Assembly will shift its centre of gravity from the New Town to George Square for the first time.
It will stage comedy, theatre, music and cabaret in three spaces in George Square Gardens, as well as George Square Theatre and spaces in and under David Hume Tower.
As well as many University spaces being used for the first time, scores of well established venues are back: Appleton Tower will become Fringe Central; Underbelly will return to Bristo Square, Reid Hall and its surroundings; Pleasance will once more inhabit The Pleasance and Potterrow students union.
In total the University will host 43 different theatre and performance spaces.
Last year 942,317 tickets were sold for performances in University buildings over the summer festival period.
As well as hosting a record number of events, the University has also inspired at least one show.

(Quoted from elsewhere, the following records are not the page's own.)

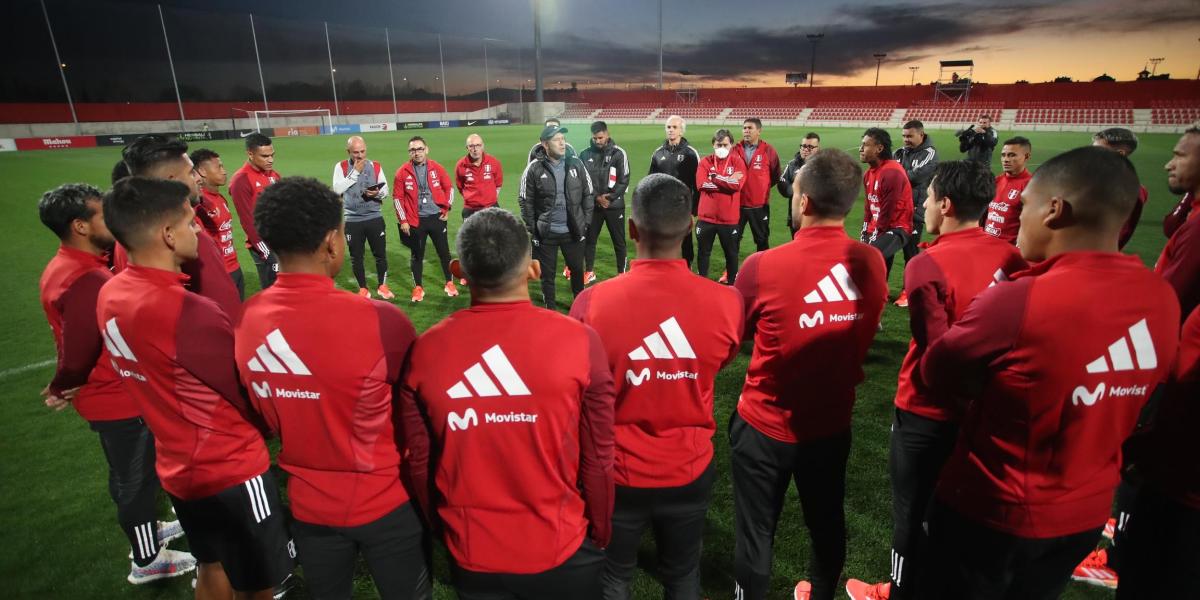 El Atlético, anfitrión por partida doble de Perú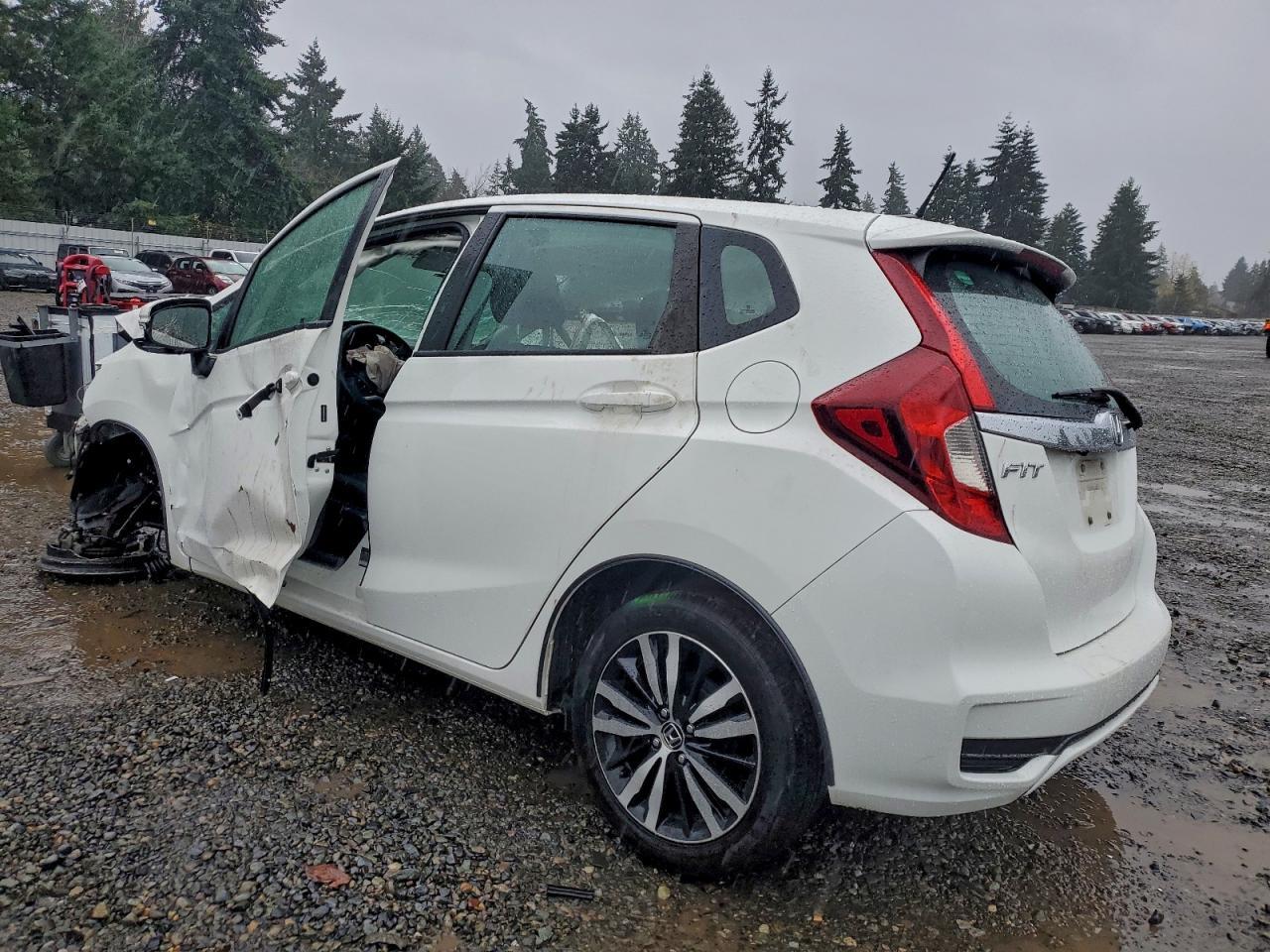 2018 HONDA FIT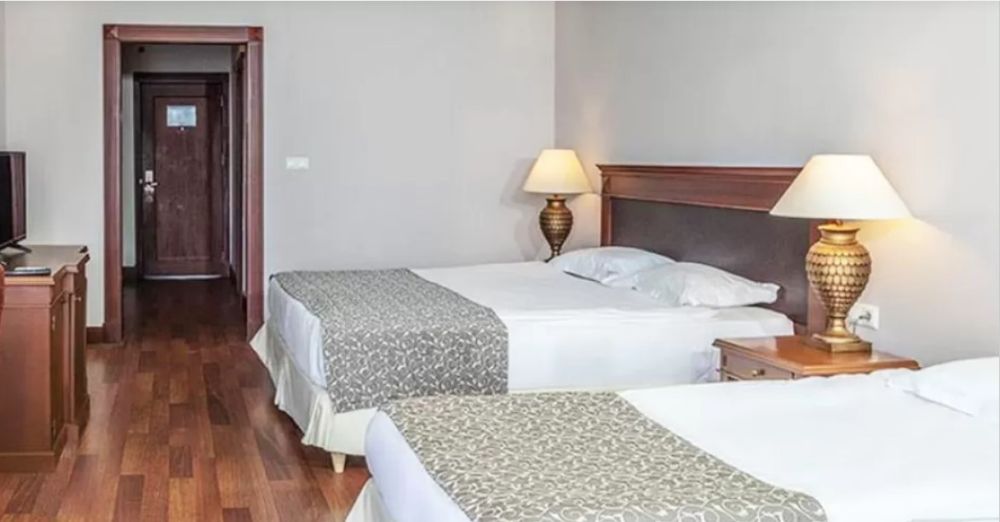 Hotel Room, Bodrum Holiday Resort & Spa Hotel 5*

A major scientific study conducted by the University, supported by Age UK is behind the Spare Tyre theatre group's play Still Life.
Co-produced with the Wellcome Trust and staged at the Pleasance, it will examine stories behind the Lothian Birth Cohort 1936 study which examines the secrets of successful ageing. The production marks the 75th anniversary of the Wellcome Trust and is part of a series of science and arts events across the summer.
Festival goers can also collect their tickets at a new venue on the University campus.
The University Visitor Centre on Charles Street has extended its opening hours for the duration of the festival from 9.30am - 8pm (Monday - Saturday) and Noon - 8pm (Sundays) from 3 - 29 August.
The Edinburgh Festival Fringe runs August 5 - 29.